Alicia Mccarvell is sharing her advice for self-confidence.
On Saturday, the Canadian self-love advocate and influencer shared an Instagram reel reenacting a conversation in which she was questioned for being confident in her size. Alongside the clip, she shared a message revealing the steps she took to become confident in herself.
"For the longest time, I struggled to find my confidence because I felt like confidence was solely linked to how close my body was to fitting into the world's beauty standards," she penned in the caption. "For me confidence comes from a few different places."
Mccarvell said she was able to begin building her confidence by first separating personal identity from physical appearance. "I found confidence in knowing what I add to this world and to my relationships," she added.
The Halifax-based influencer also began following content creators with a body type similar to hers.
"The lens in which we see others, are not the same as the lens we see ourselves.

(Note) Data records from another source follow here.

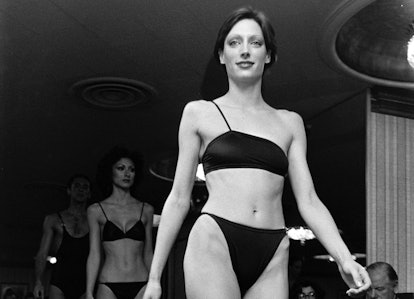 Model Sara Kapp walked Rudi Gernreich's Summer 1976 swimwear collection. 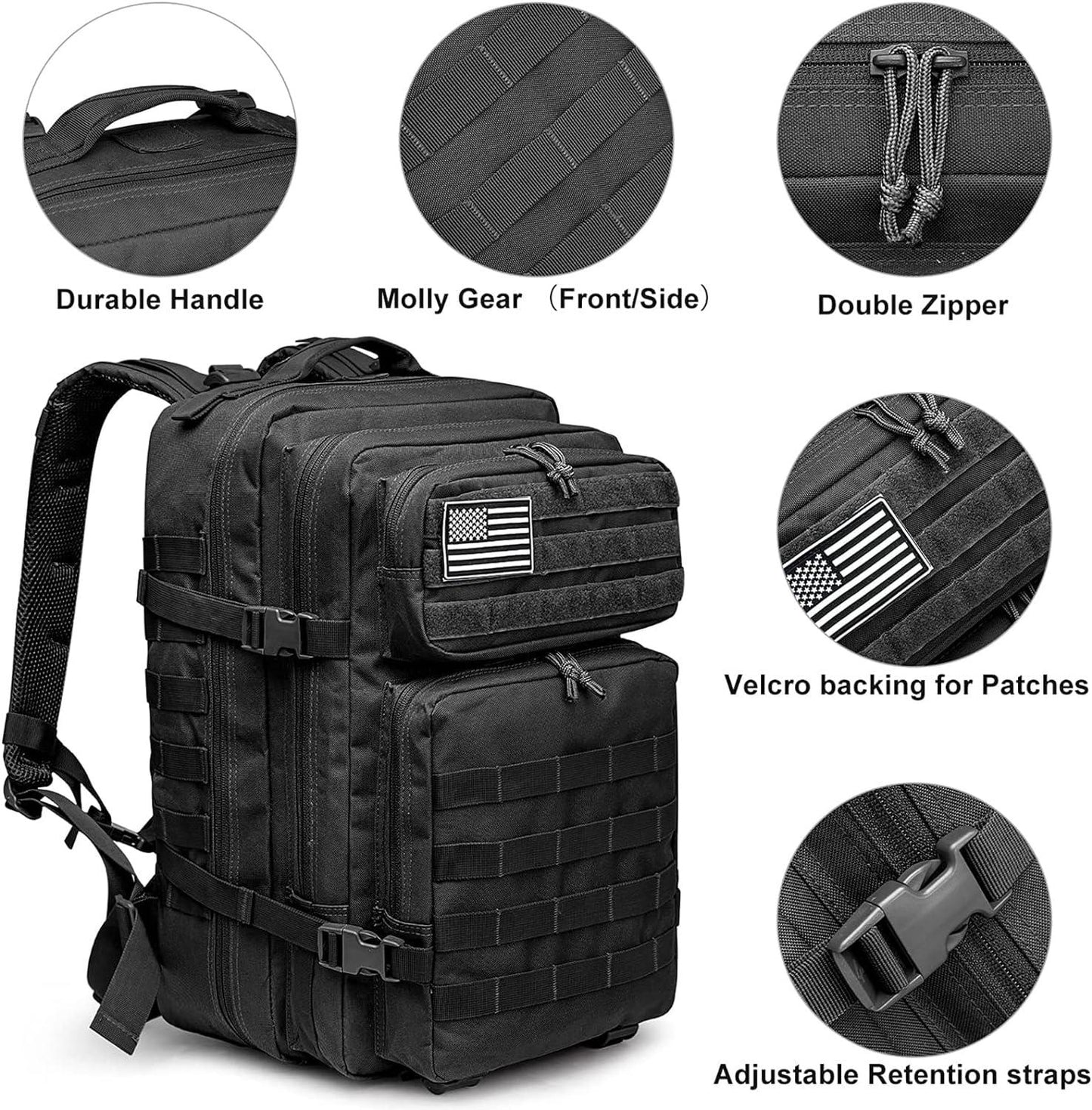 FR Fashion Co. 18" Men's 40L Tactical MOLLE Backpack - FR Fashion Co. 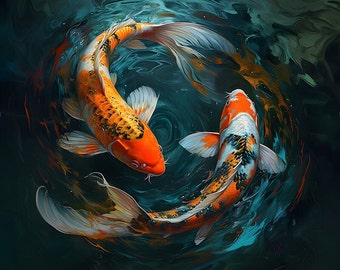 Koi Fish I - Pannello in velluto - diverse dimensioni - tessuto per federa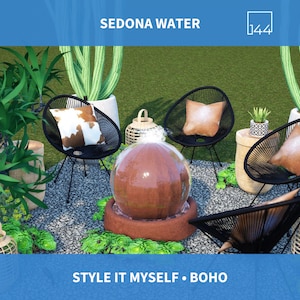 Sedona Water | DIY Backyard Design | 3D Renderings | Boho Landscape | Spring Decor | Yard Decor | House Plans | Housewarming Gift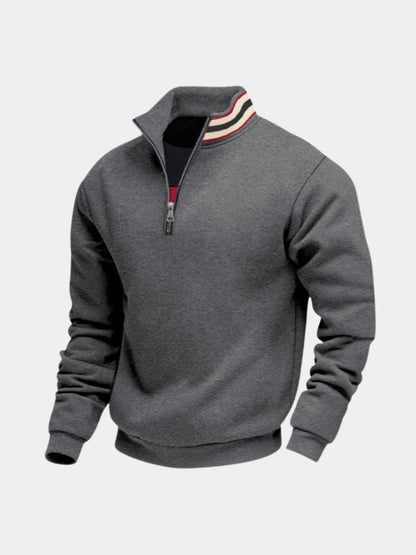 Dark gray quarter-zip pullover with a striped collar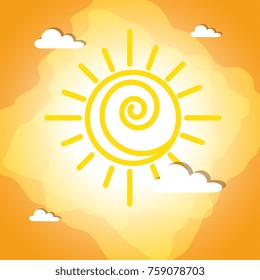 shinny doodle sun hand drawn cartoon 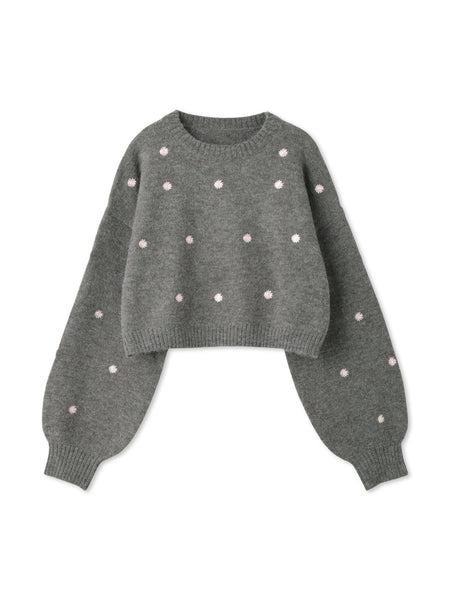 マーガレット刺繍ニットプルオーバー≪手洗い可能≫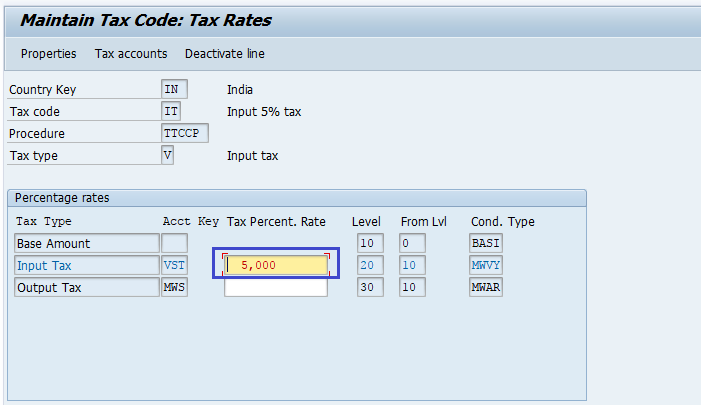 Maintain Tax codes for Sales and Purchases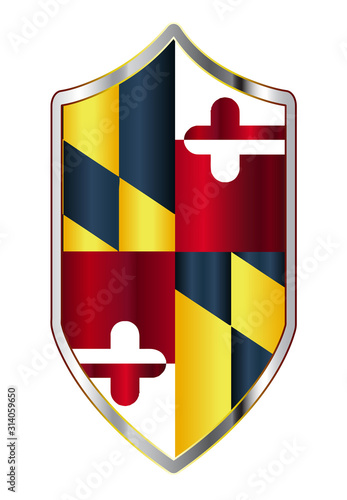 Maryland State Flag On A Crusader Style Shield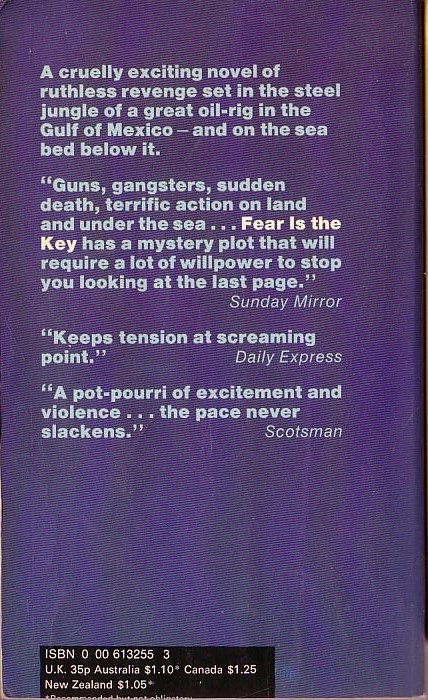 Alistair MacLean FEAR IS THE KEY .Fontana rpt.1974 magnified rear cover image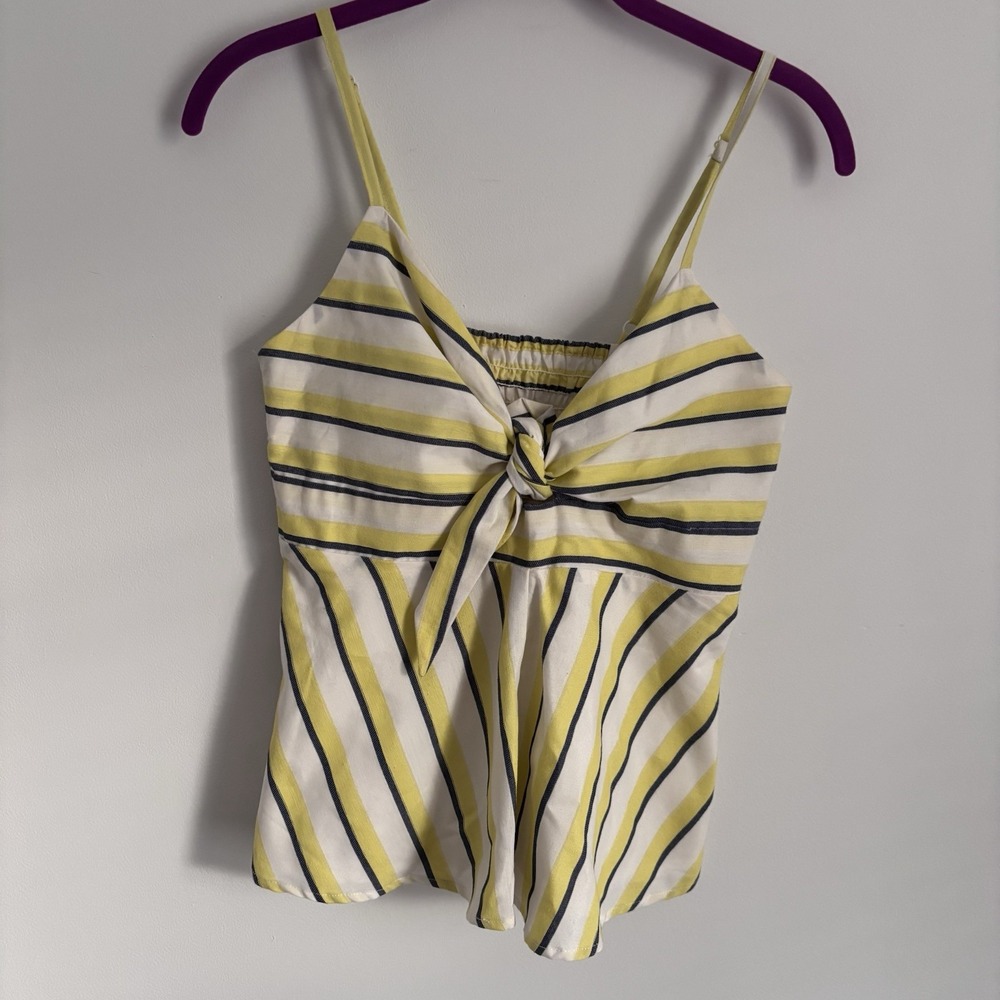 cupcakes and cashmereβ Women's Kerria Babydoll Top Size XS Yellow Stripe Coastal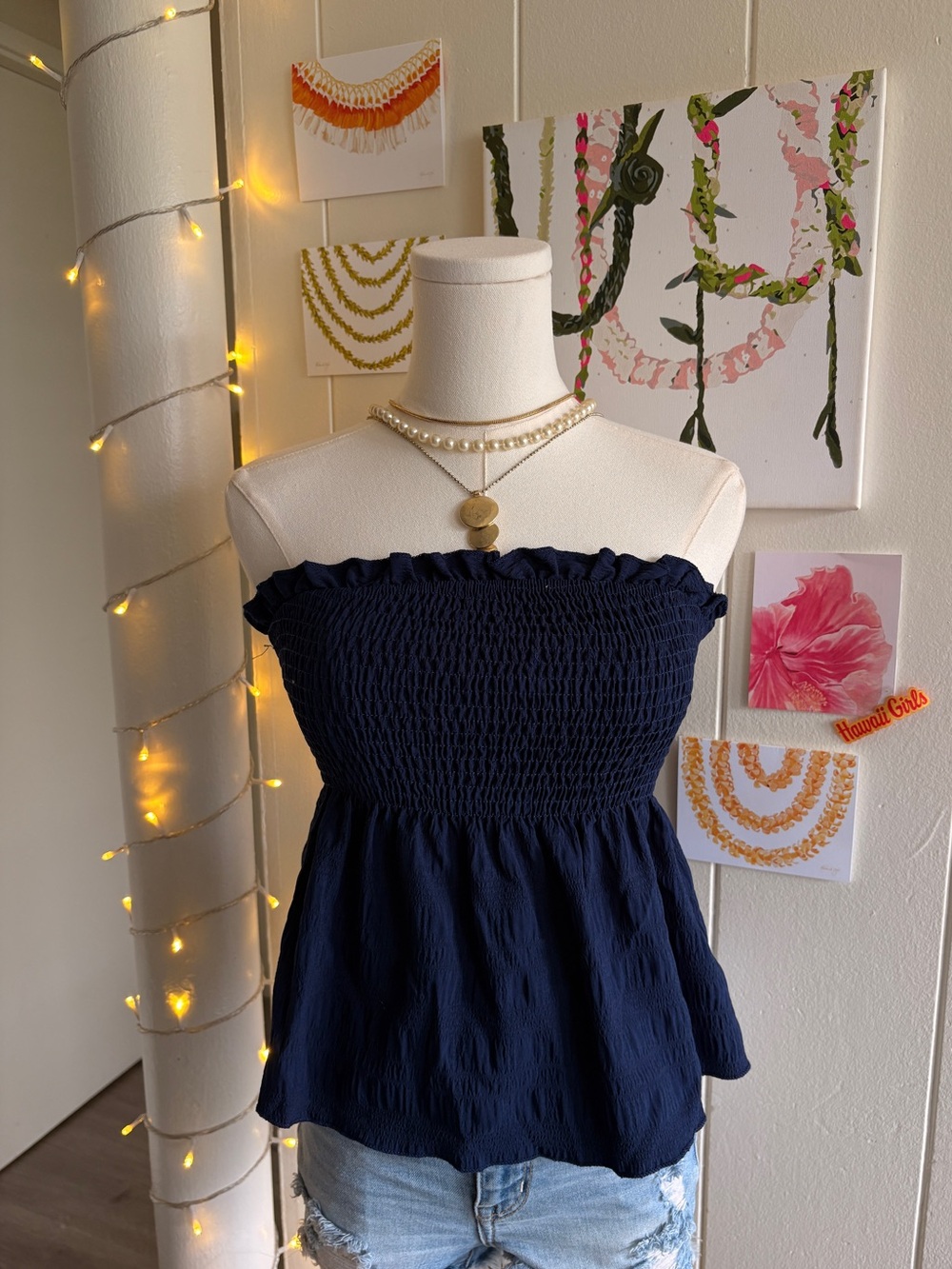 Smocked Ruffle-Top Tube Blouse - Navy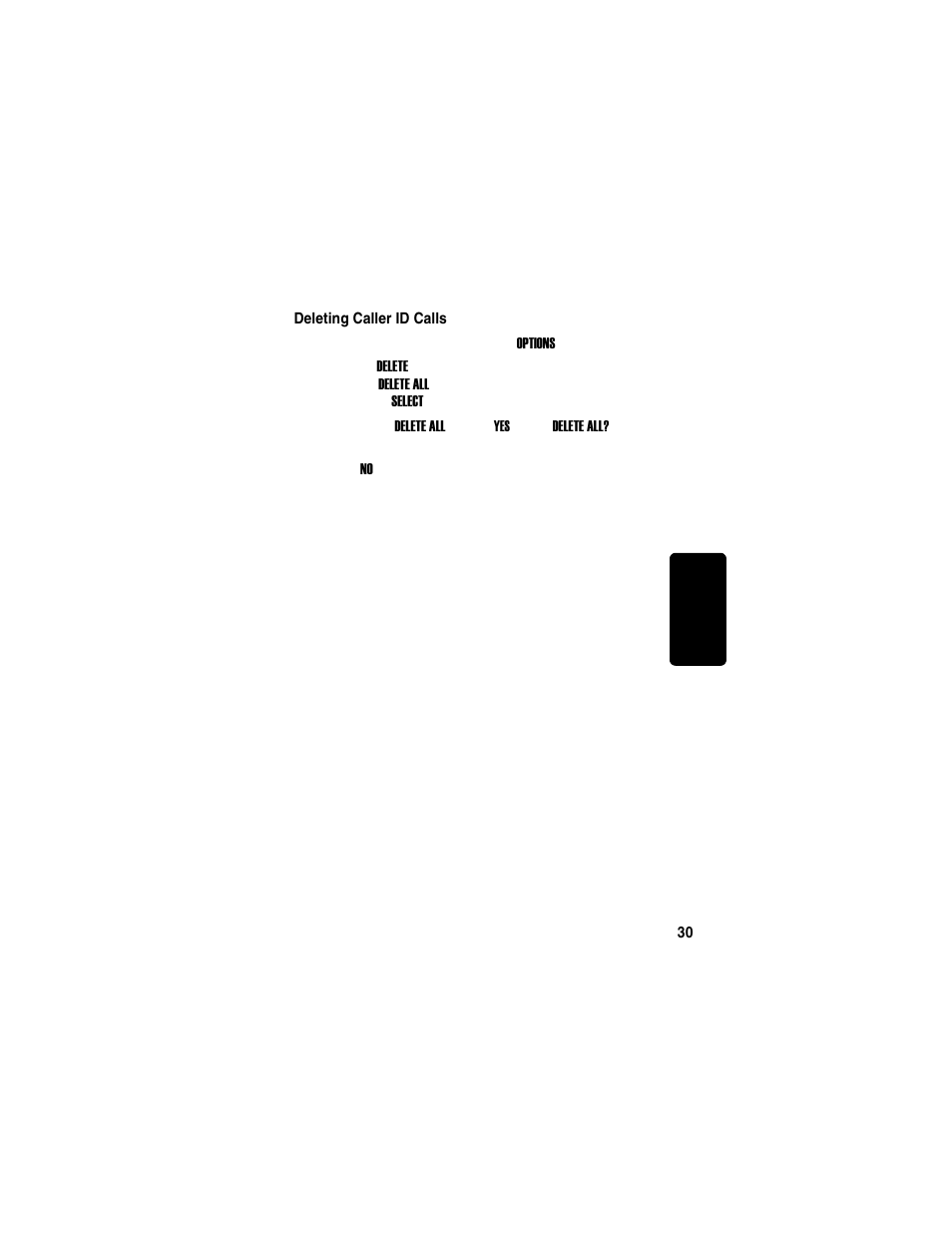 Deleting caller id calls, Min a r y | Motorola TM MD7080 User Manual | Page 46 / 68
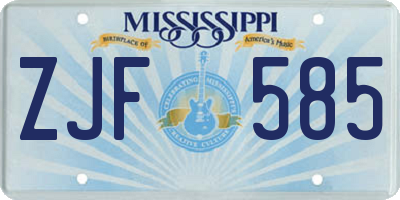 MS license plate ZJF585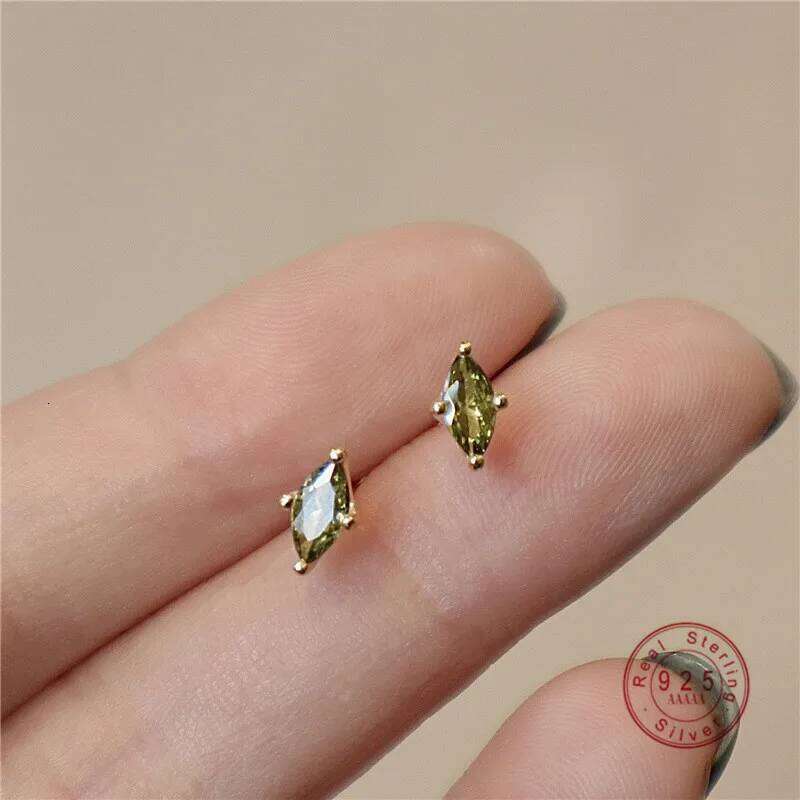Simple Olive Green Evil Eye Zircon Stud Earrings Women 925 Sterling Silver Fashion Personality European Jewelry H260309-image-1096883247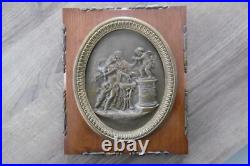 Ancien cadre médaillon bas relief en bronze ange XIX siècle Napoléon III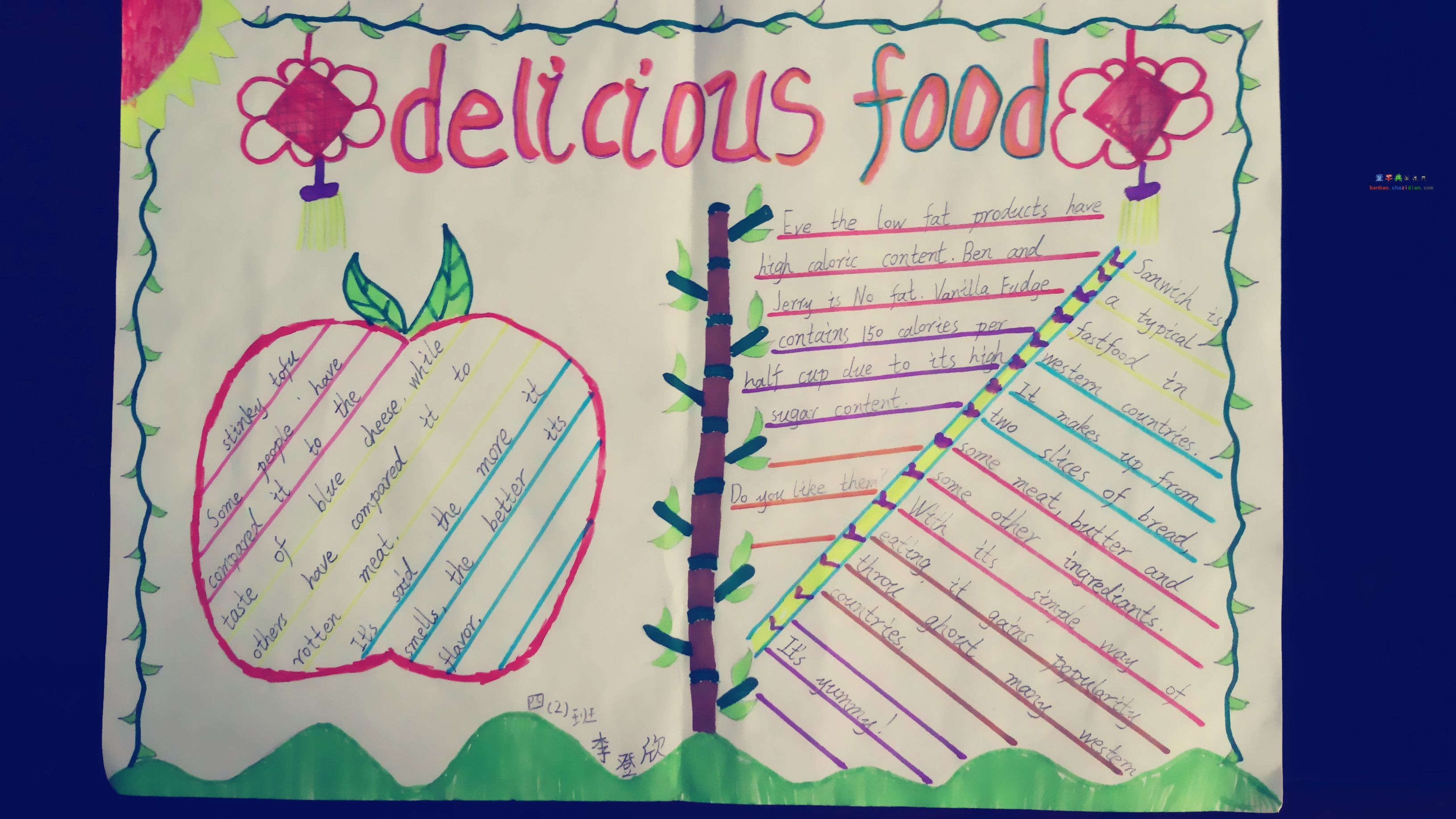 delicious food 英語手抄報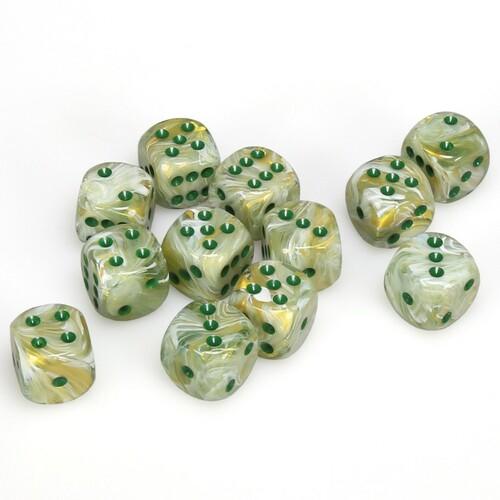 12 D6 Marble 16mm Dice Green w/Dark Green - CHX27609 - Abyss Game Store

You need to give it time," Mccarvell stated. "Continuing to follow people who look like you, and whose bodies you resonate with will allow those lenses to overlap eventually."
Mccarvell said she used to hide her body in "baggy clothes" and "layers of makeup" as a "way of hiding." Wearing clothes that make her feel good has been a key element in building her confidence.
Finally, Mccarvell added exercising helped her feel good about her body. "Learning how to lift heavy things and find joy in movement has given me so much confidence. When you learn what your body is capable of, it's hard to not to be confident in it," she shared.
Fans met Mccarvell’s message with praise and thanked her for sharing the important reminder.
"What a boring world this would be if all the flowers were the same shape, colour and size," someone said.
“I needed this inspiration,” a fan wrote.
“Thank you for continuing to show us how to accept that we are beautiful how we are,” someone chimed in.
“Love your content and the way you make everyone feel valued! It has certainly made me look at myself differently,” penned another.
In April, Mccarvell shared a video mulling over outfit choices, paired with a note about dressing how she wants, not in what's "flattering" for her body type by societal beauty standards.
"I am trying really hard to move away from making decisions for my clothing based on how flat my stomach looks, or how outlined my belly is or if you can see my belly button," she wrote. "I'm now trying to choose the things that make me feel confident, sexy and happy."